━━━━━ Provided material ━━━━━
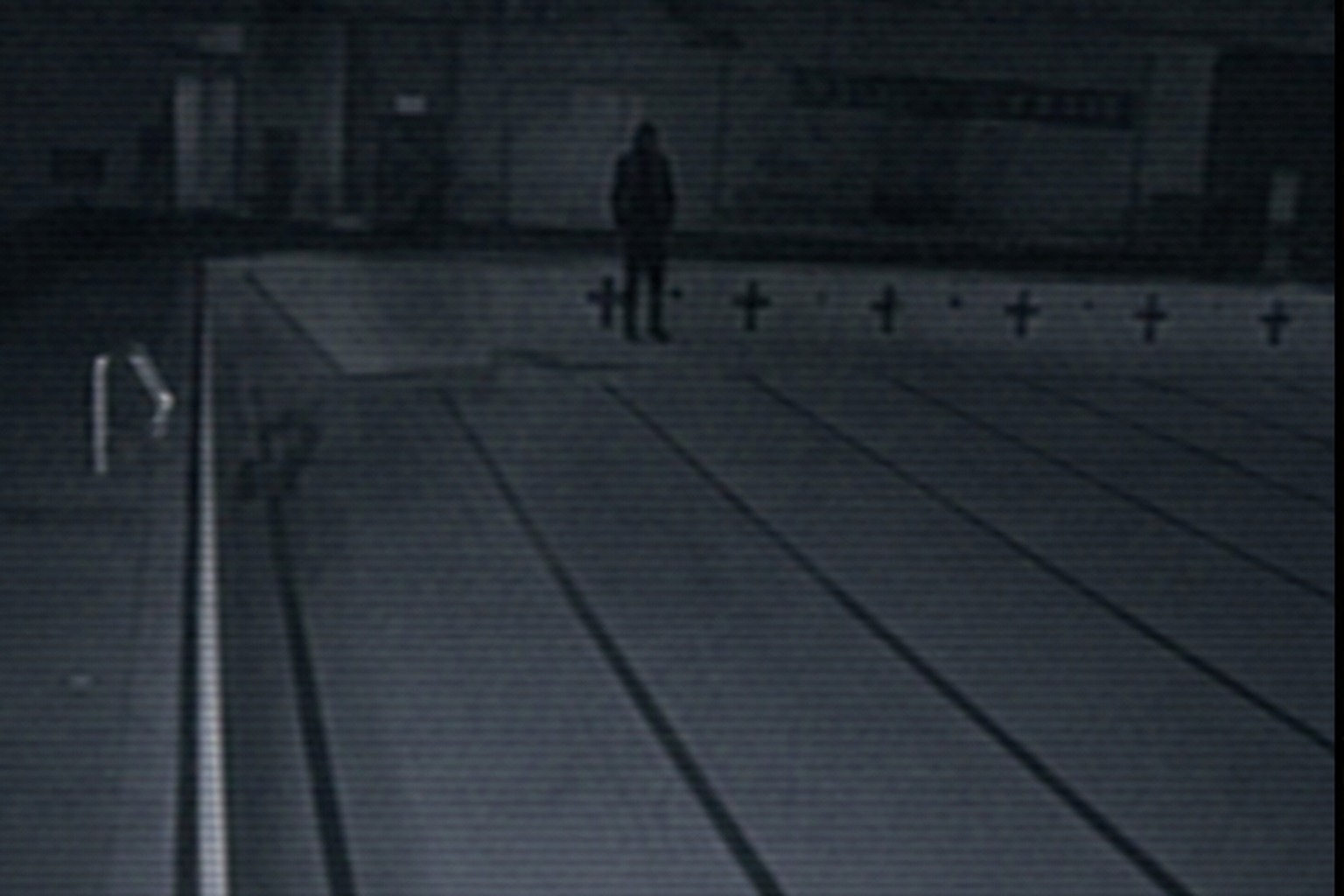Dark figure beyond drained pool lanes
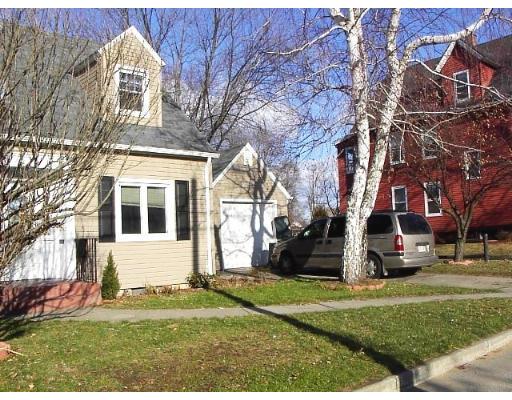 1418 Worcester Street Springfield, MA 01151 - Photo 7 of 8 front view of house with a yard
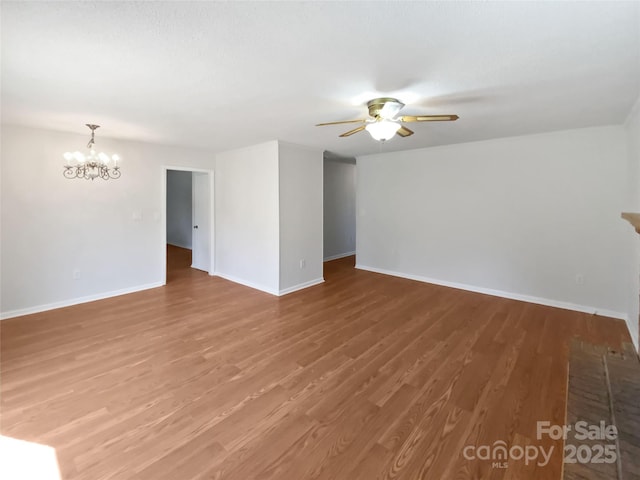 spare room featuring ceiling fan with notable chandelier, wood finished floors, and baseboards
━━━━━
What you need to retype is every line from the one that has "1418 Worcester Street" through the last line of the listing, both included, with the pictures left out.

Answer for the task |
 1418 Worcester Street Springfield, MA 01151 - Photo 7 of 8 front view of house with a yard
 spare room featuring ceiling fan with notable chandelier, wood finished floors, and baseboards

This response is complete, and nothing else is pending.